Note: R’s nlme function doesn’t do a good job with df.residual and provides a Chi-square test

Also note there are 6 degrees of freedom (one for each additional beta weight in the model)

2.4 Questions that can be answered

What is the effect of college experience on usefulness for males?

What is the effect of college experience on usefulness for females?

What is the difference between males and females ratings of usefulness when college experience = 10?

How did the difference between males and females ratings change for each additional hour of college experience?

What is the effect of college experience on performance for males?

What is the effect of college experience on performance for females?

What is the difference between males and females performance when college experience = 10?

How did the difference between males and females performance change for each additional hour of college experience?

2.5 Model R-squared

To determine the model R-squared, we have to compare the variance/covariance matrix from model01 and model02 and make the statistics ourselves:

Vmodel01 =getVarCov(model01_mixed)Vmodel02 =getVarCov(model02_mixed)## Rsquare for Performance and Usefulness(diag(Vmodel01) -diag(Vmodel02)) /diag(Vmodel01)

[1] 0.064686451 0.003341706

6.47% variance of performance was explained by added predictors.

0.33% variance of usefulness was explained by added predictors.

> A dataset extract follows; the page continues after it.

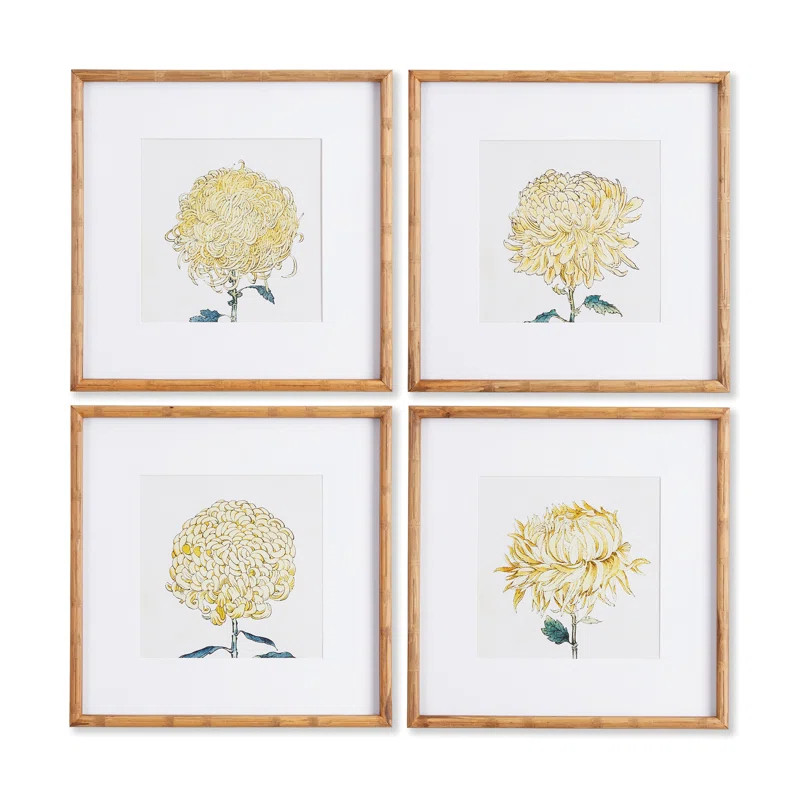 Chrysanthemum by Napa Home And Garden (Set of 4) | Wayfair North America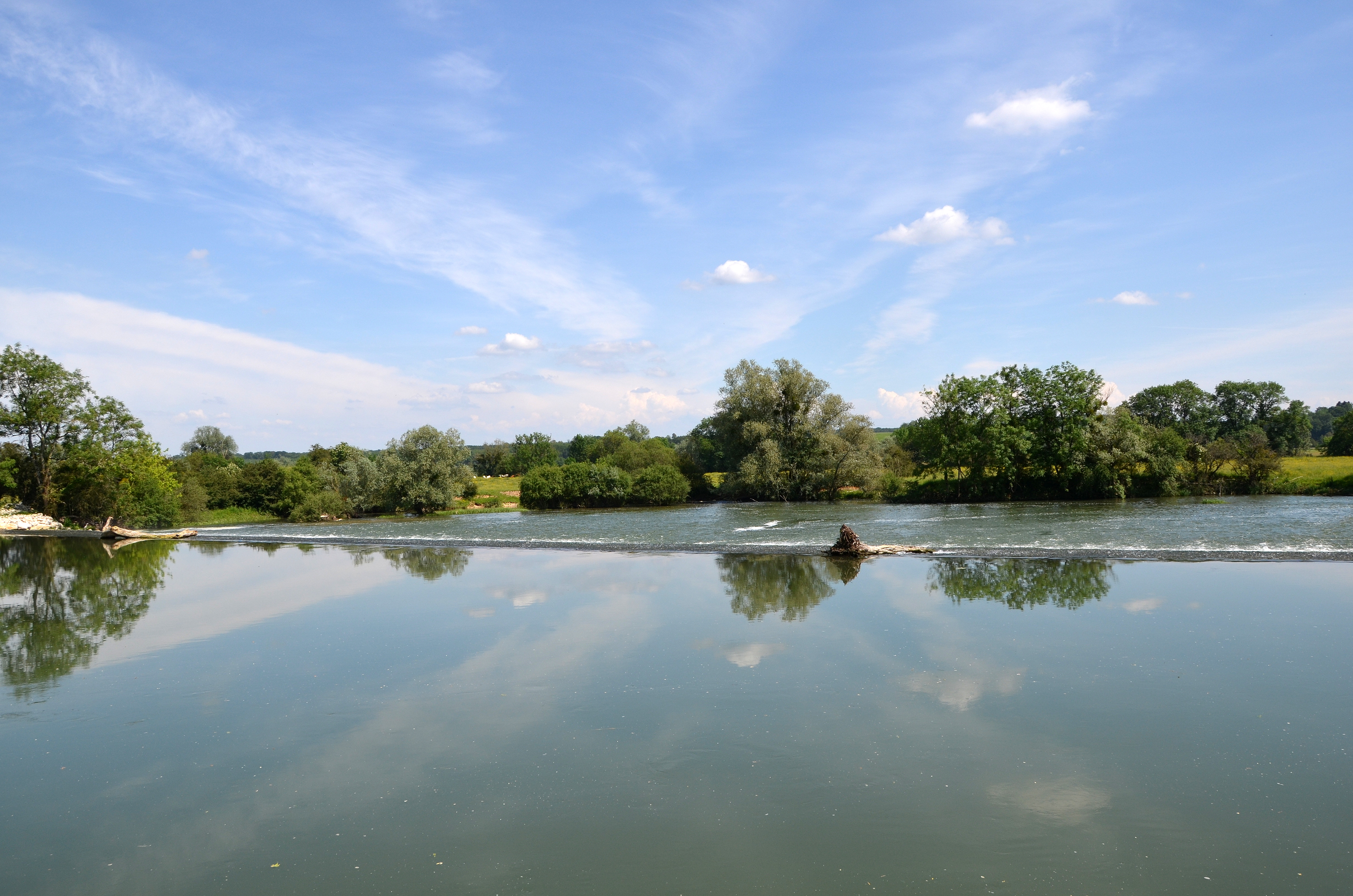 Le Doubs vers Audelange DSC 0575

2.6 Exercise 2: Model mixed model with mse, mas and msc

Model 1: A path analysis with mse, mas, and msc as outcomes

Model 2: A empty mixed model with mse, mas, and msc are repeated measures nested in each individual

Compare two models: intercepts and correlations

2.7 Wrapping up

Things we get directly from path models that we do not get directly in mixed models:

Tests for approximate model fit

Scaled Chi-square for some types of non-normal data

Standardized parameter coefficients

Tests for indirect effects

R-squared statistics

Things we get directly in mixed models that we do not get in path models:

REML (unbiased estimates of variances/covariances)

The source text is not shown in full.